International Feminist Scholars Explore Abrahamic Traditions Patriarchy & Sustainability from an Interdisciplinary Perspective

International Feminist Scholars Explore Abrahamic Traditions Patriarchy & Sustainability from an Interdisciplinary Perspective

International Feminist Scholars Explore Abrahamic Traditions Patriarchy & Sustainability from an Interdisciplinary Perspective

Is nature, the environment, sustainability, and ecology feminist issues?

What is the link between different structures of patriarchy and the damage being done to planet earth?

What solutions can activists working within the different Abrahamic religious and secular traditions bring from a feminist perspective to the pressing environmental and sustainability questions of our time?

The Abrahamic Traditions, Patriarchy & Sustainability workshop, held virtually earlier this spring brought together an interdisciplinary group of international, multi-religious women faculty and scholars with diverse perspectives and worldviews to explore these questions and how the Abrahamic traditions impact human interaction with the environment, and the relationships between gender roles, patriarchal social and political arrangements and sustainability.

This idea began as a conversation at the Abrahamic Traditions & Environmental Change workshop in Rhodes, Greece in 2019. With the support of Dr. Daniel Weiner, vice president of Global Affairs, University of Connecticut, these conversations continued with Nawal Ammar, dean of the College of Humanities & Social Sciences, Rowan University, and Hind Ahmed Zaki, assistant professor of Political Science, University of Connecticut and evolved into an interdisciplinary workshop with a focus on women, gender, patriarchal societies, ecofeminism and the environment.

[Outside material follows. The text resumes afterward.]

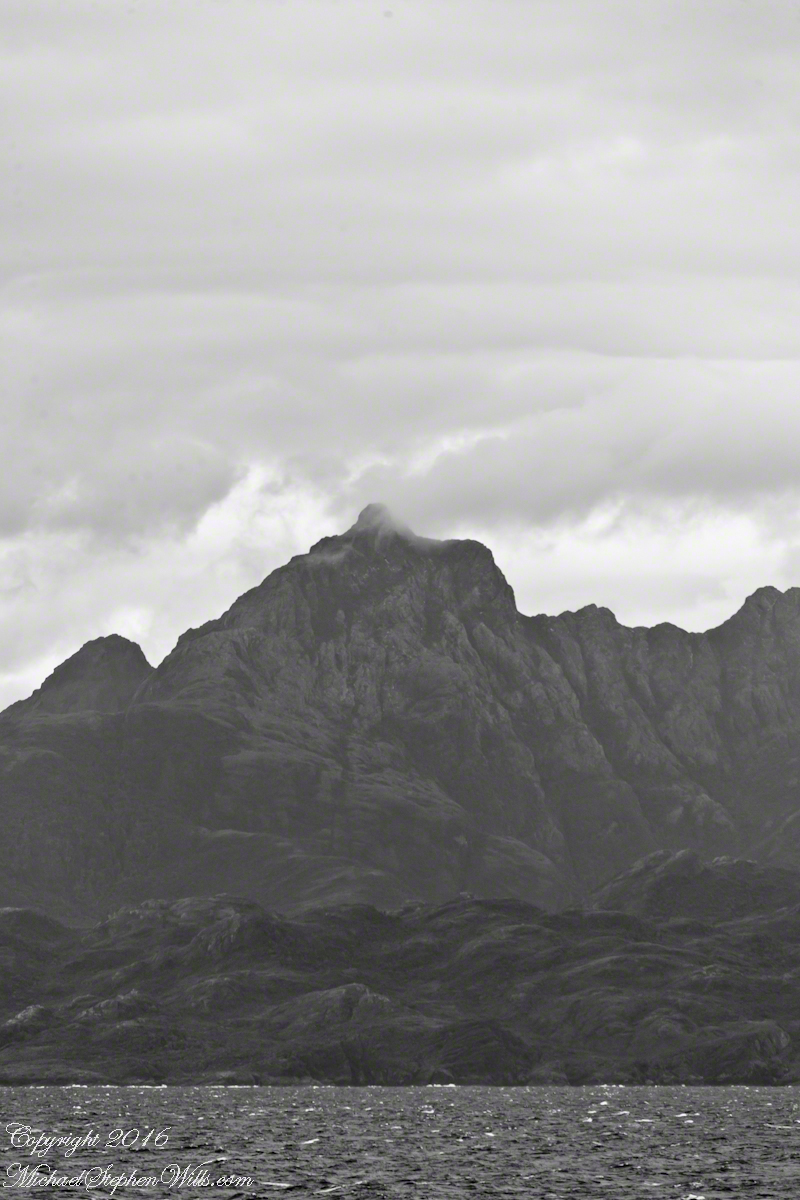 Larenas Peninsula High Ridge Close 3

The aim of the Abrahamic Traditions, Patriarchy & Sustainability was to engage in cross-disciplinary discussions on the intersection of women’s rights, ecofeminism and how the monotheistic faiths initiated in the Middle East, Judaism, Christianity, and Islam significantly shape cultural traditions, beliefs and perceptions.  More importantly is how a pro-womanist/feminist perspective can contribute and translate those traditions into positive social and ecological action to heal our mother earth.

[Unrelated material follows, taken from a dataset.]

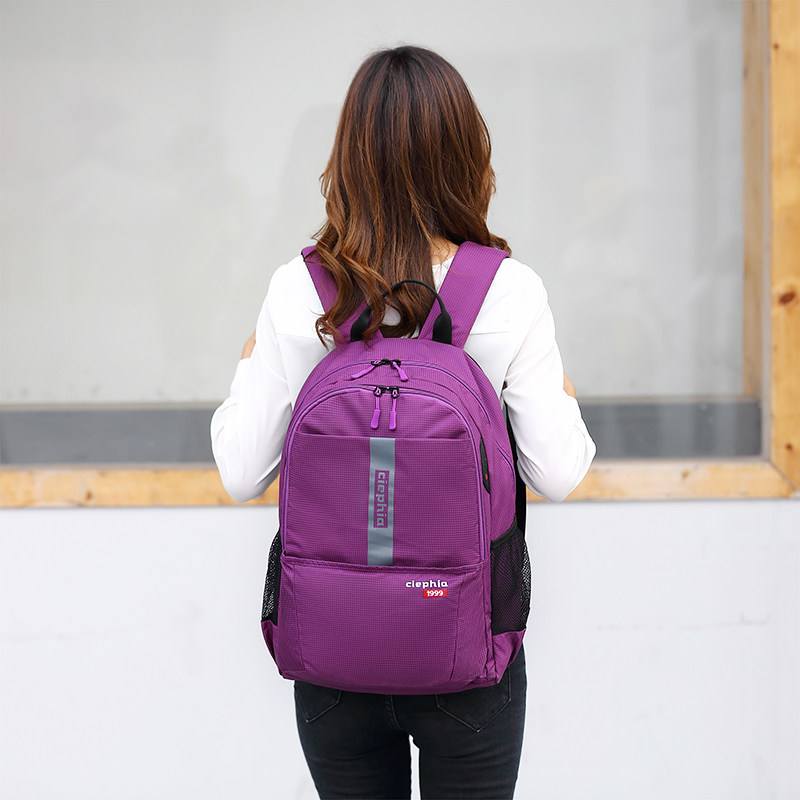 背包旅游_背包旅游者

This collaborative workshop with a global worldview was co-organized by University of Connecticut Abrahamic Program for Academic Collaboration in the MENA Region, Nawal Ammar, Dean of the College of Humanities & Social Sciences at Rowan University, and Hind Ahmed Zaki, Assistant Professor within the Department of Political Science and Literatures, Cultures, and Languages, and the College of Liberal Arts & Sciences at the University of Connecticut.

Faculty and scholars from around the world were invited to address themes broadly related to how women movements within various Abrahamic traditions and institutions contribute new pathways for environmental sustainability, equity, and ecological balance through imagining new ways of organizing the family, work, society, and life on earth.

In a recently released video, below, an international group of scholars share their perspectives on the influences of the patriarchal Abrahamic traditions and the interrelationship between feminism and nature.

“We know the oppression of the environment is also the oppression of women and human rights, whether it’s men or women,” said Nawal Ammar. “Islam is actually environmentally affirming. It has a unique perspective and it’s a relational view with the environment.”

While eco-feminism has been a framework since Françoise d’Eaubonne coined the terms in 1974, its use has been limited within the full spectrum of the Abrahamic religions and more particularly the Middle East/North Africa (MENA) region.  

“What does this correlation between gender and the environment mean? Are we promoting better involvement of women in the strategy to combat climate change,” asked Yousra Abourabi, assistant professor, Universite Internationale de Rabat, Morocco. “Is it understood that an environmentalist approach to public policies can only be conducted if there are also feminist?”

“We know through our scholarship and through our research there is actually a very exciting research agenda emerging when it comes to issues of patriarchy, eco-feminism, and women’s rights within the Abrahamic Traditions and within the larger Middle East,” said Hind Ahmed Zaki, University of Connecticut.